Although other multiply lensed quasars have been seen before this newly observed "quintuple quasar" is the only case so far in which multiple quasar images are produced by an entire galaxy cluster acting as a gravitational lens.
The background quasar is the brilliant core of a galaxy. It is powered by a black hole, which is devouring gas and dust and creating a gusher of light in the process. When the quasar's light passes through the gravity field of the galaxy cluster that lies between us and the quasar, the light is bent by the space-warping gravity field in such a way that five separate images of the object are produced surrounding the cluster's centre. The fifth quasar image is embedded to the right of the core of the central galaxy in the cluster. The cluster also creates a cobweb of images of other distant galaxies gravitationally lensed into arcs.
The galaxy cluster creating the lens is known as SDSS J1004+4112 and was discovered as part of the Sloan Digital Sky Survey. It is one of the more distant clusters known (seven billion light-years, redshift z=0.68), and is seen when the Universe was half its present age.
Gravitational lensing occurs for extremely concentrated masses like the cores of galaxies or galaxy clusters. Their strong gravity warps the surrounding space, and light travelling through that warped space bends its direction. Multiple images of a distant light source may be seen, each taking a different path through the warped space.
A gravitational lens will always produce an odd number of lensed images, but one image is usually very weak and embedded deep within the light of the lensing object itself. Hubble's sharp vision and the high magnification of this gravitational lens combine to place the fifth image far enough from the core of the central imaging galaxy to make it visible.
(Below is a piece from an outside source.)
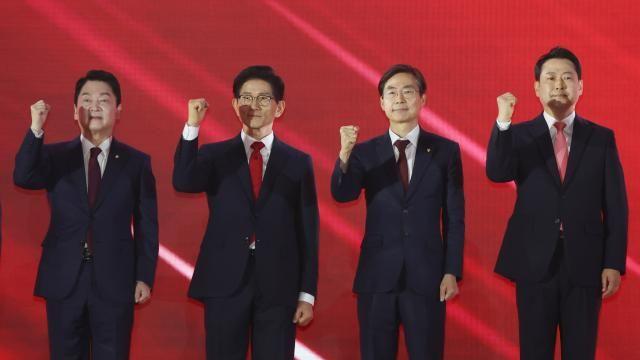 국민의힘 김문수·장동혁 당대표 결선 투표…조경태·안철수 낙마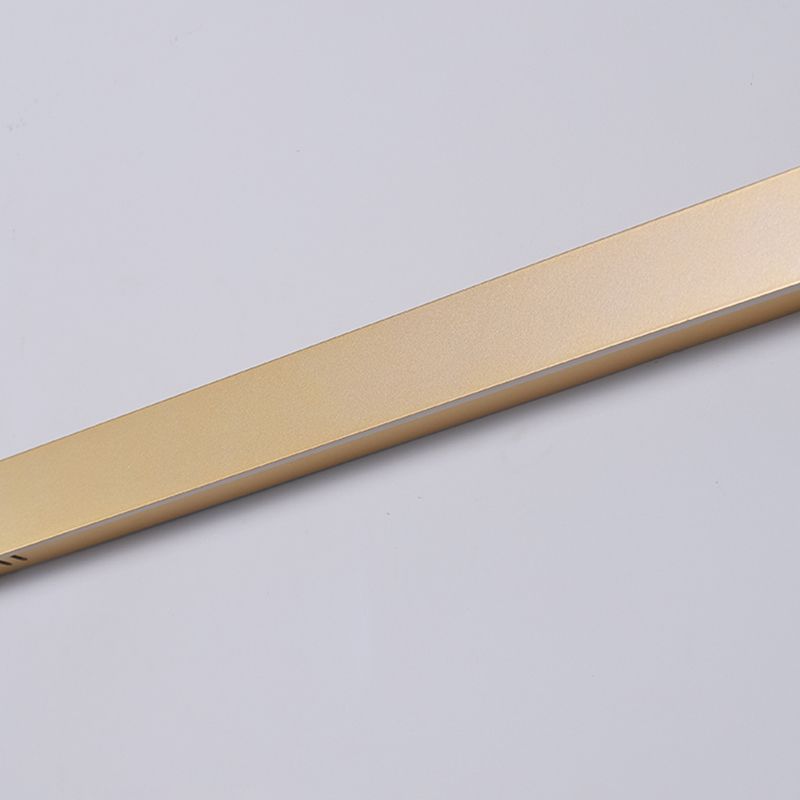 Metal Linear Shape Wall Light Modern Style 1-Light Wall Mounted Light in Gold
The galaxy hosting the background quasar is at a distance of 10 billion light years (at redshift 1.74). The quasar host galaxy can be seen in the image as faint red arcs. This is the most highly magnified quasar host galaxy ever seen.
The Hubble picture also shows a large number of stretched arcs that are more distant galaxies lying behind the cluster, each of which is split into multiple distorted images. The most distant galaxy identified and confirmed so far is 12 billion light years away (a redshift of 3.33, corresponding to only 1.8 billion years after the Big Bang).
By comparing this image to a picture of the cluster obtained with Hubble a year earlier, the researchers discovered a rare event - a supernova exploding in one of the cluster galaxies. This supernova exploded seven billion years ago, and the data, together with other supernova observations, are being used to try to reconstruct how the Universe was enriched by heavy elements through these explosions.